For me, player’s valuation doesn’t mean much anymore. In the last two years, I’ve had at least six or seven firms coming to me saying we created an algorithm that can give you the appropriate valuation of a player. I said to them ‘thanks a lot, but you’re wasting your time?’ The way the market is going there’s no reason for you to try and make a calculation and say Pogba was actually €70m, if Manchester United decided to pay €120m, what’s the problem. So yes, we can say it’s wrong, but it’s just the way the market is going at the moment.
How important is the role of specialists, like director of sports, head of football operations, etc in modern football, be it at the national federations or clubs?
The way the industry is functioning, I feel we need more and more specialists in the respective fields. Since I’m coming from a coaching and scouting background, that’s how I landed my first job as sporting director at Saint Etienne when I was 31. They approached me because of my track record of bringing players to Arsenal, so I was specialising in a particular field.
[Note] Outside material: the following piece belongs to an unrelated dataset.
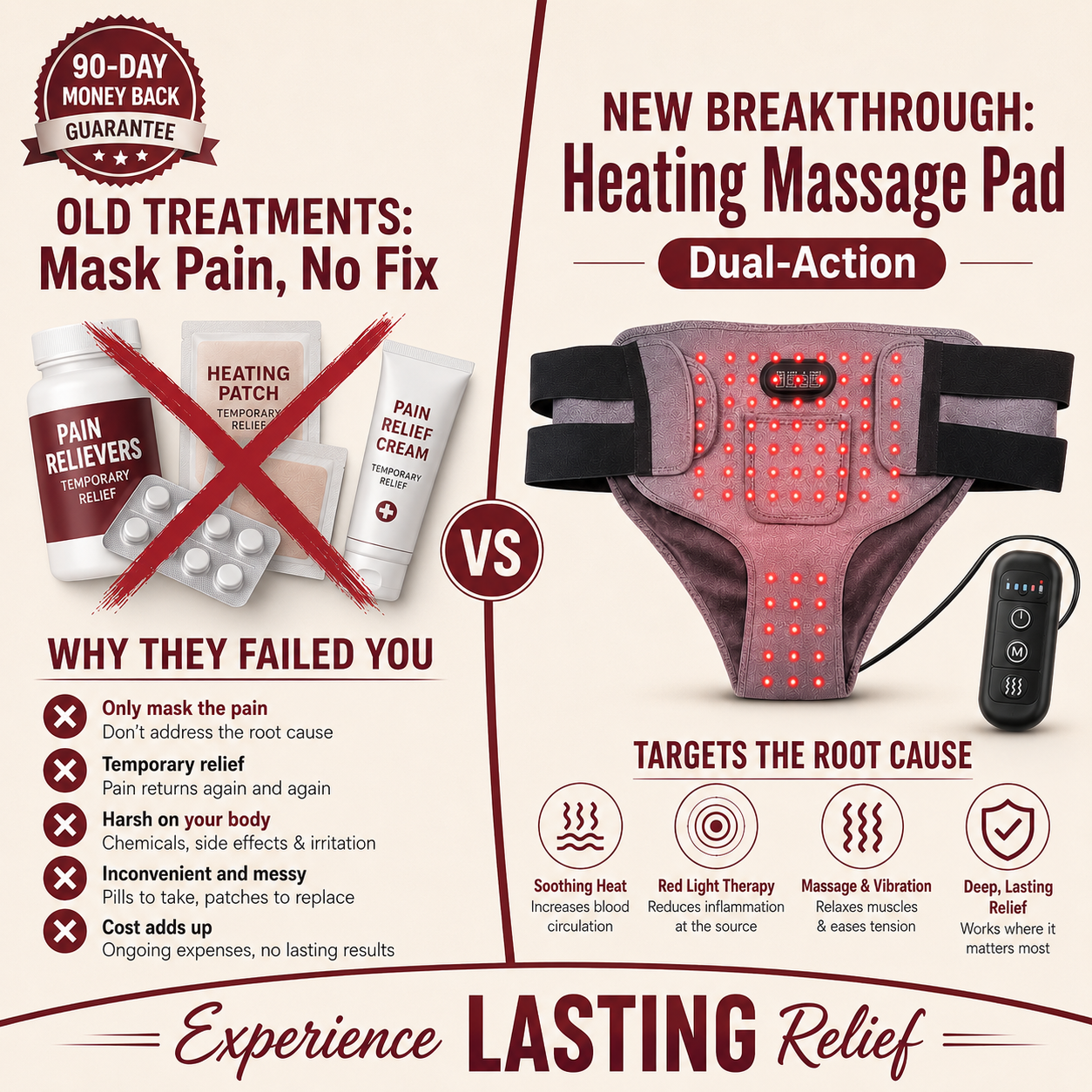 CycleEase™ Menstrual Relief Heating Pad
I also think the more the industry is getting professionalised in every aspect, the more we need people who know exactly what their specific role is. For example, in today’s world, social media is so big, that if you don’t have the right people to manage it at a club, that’ll be a massive struggle.
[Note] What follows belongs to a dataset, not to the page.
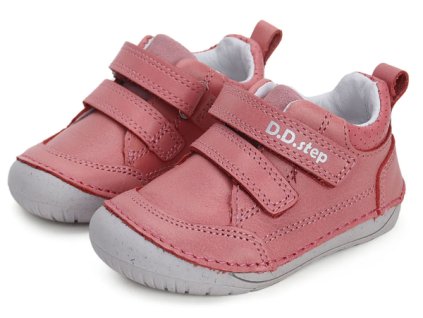 D.D.Step S070-41351B dívčí celoroční barefoot obuv - Baby Pink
Even players and their agents appoint professionals in their company to look after their social media channels. It has become a big business now, especially when you have millions of people following you. You can’t ignore this space for one or monetize it. Lastly, you can’t have an amateurish approach because that’ll end up in disaster.
Nowadays more and more clubs are even appointing coaches for strikers including at the academy level. I think this is great idea. For instance, there’s nobody better than a former goalkeeper to train another keeper, similarly I don’t think there’s anybody better than a former successful striker to train and coach another. I feel this is only the beginning.
When I was at Liverpool, we had just five fitness coaches for 25 players. Ten years ago some clubs didn’t even have one fitness trainer. A mid-tier club like Southampton for instance have 20 video and data analysts, and so on and so forth. For a club like Southampton, that’s a huge number, it’s as much as the New York Yankees.
Very often, young people come to me and ask how I can start a career in this industry. I always say, you’re very lucky compared to when I started. During initial stages of my career, there weren’t many choices, you could only be a coach or assistant coach. There weren’t too many options available. Nowadays, you’ve the option of being an analyst, scout, a coach for the striker, a physio, masseur, doctor, etc. And I honestly think this is only the beginning of it as we’ll see more and more specialised roles being created in the industry.